The plan would also allow some accelerated depreciation to businesses and allow expensing rather than depreciation over time on some purchases by businesses.

First, and I hate calling $150 billion not much money, but it is in relative terms. Total personal income in the U.S. is in the neighborhood of just under $7,000,000,000,000,000. (From a chart at the Census Bureau website. Just under $28,000 a year for people over fifteen in 2006: there were about 223,000,000 million of such people. I don't think, but I don't know, that this includes corporation income.) That is whatever the word after trillion is. OK, I looked it up, $7 quadrillion. Now, not every penny of the money made is spent, and I can’t find a source for the money spent each year; but, let’s assume only $1 quadrillion is spent. $150 billion is only .00015 of a quadrillion dollars. And, we aren't including foreign spending. How much of an economic stimulus is that? (Don’t attack my math, it may be wrong; but, whatever the right numbers are, the package is a very, very, very small part of the total money spent in the country in a year).

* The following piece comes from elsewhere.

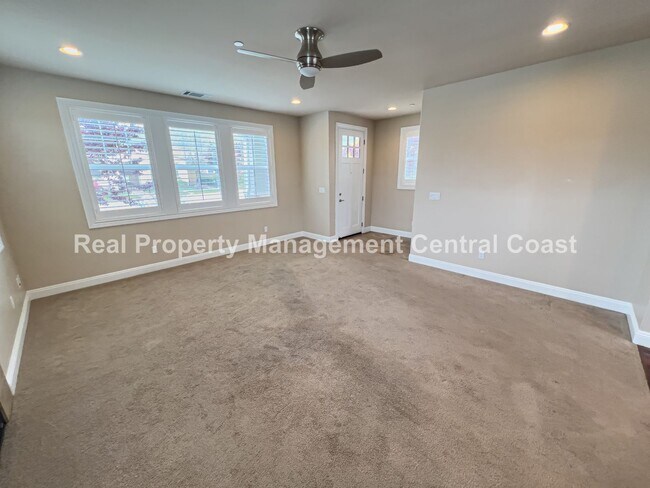 Building Photo - AVAILABLE NOW - Nice Home in Sierra Meadow...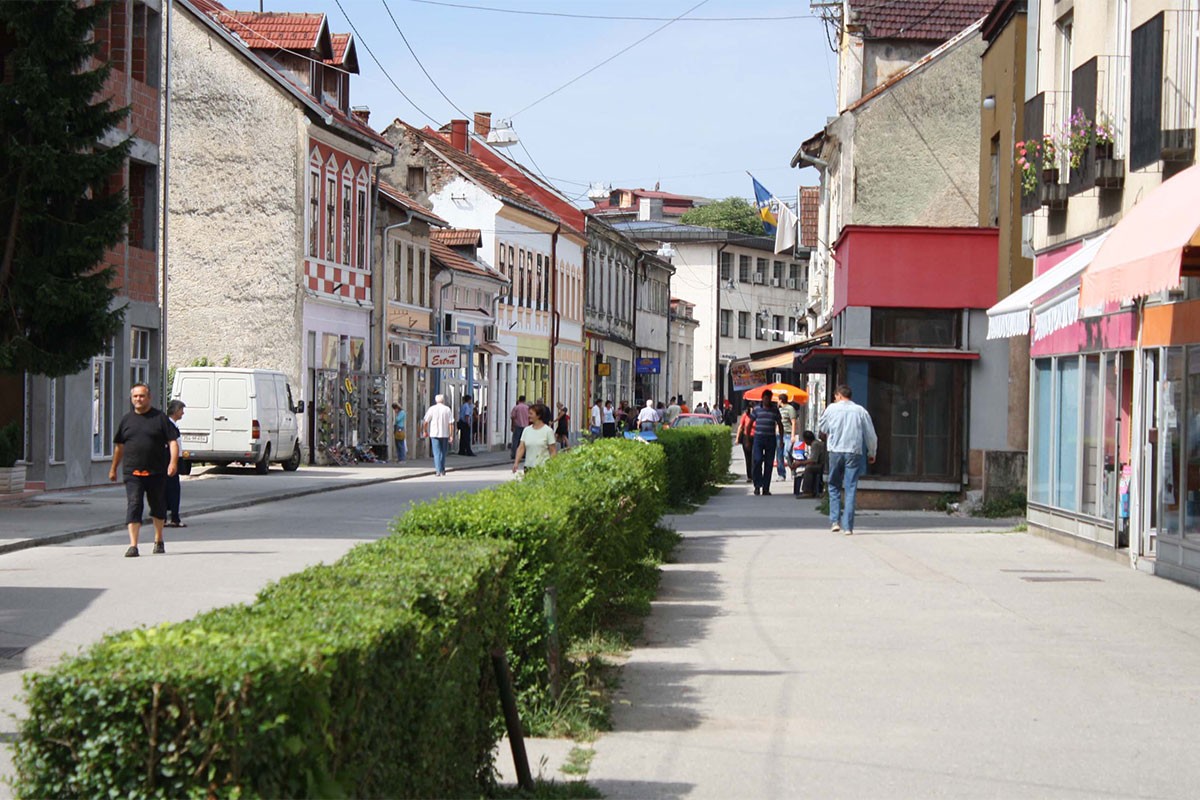 Auto parkiraju ispred policijske stanice da ga lopov ne odveze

Second, a lot of the rebates won’t be spent. If you are making in the top range of say $100,000 to $174,000, you aren’t going to go out and spend an extra few hundred to few thousand dollars just because you got a rebate. You’ll spend what you planned on spending. The rebates at this level are not an economic stimulus.

Third, this is borrowed money. To do not much, other than to serve as campaign fodder for the pols, we’ll add to the deficit.

Remember, I told you so; and I got an A a long time ago.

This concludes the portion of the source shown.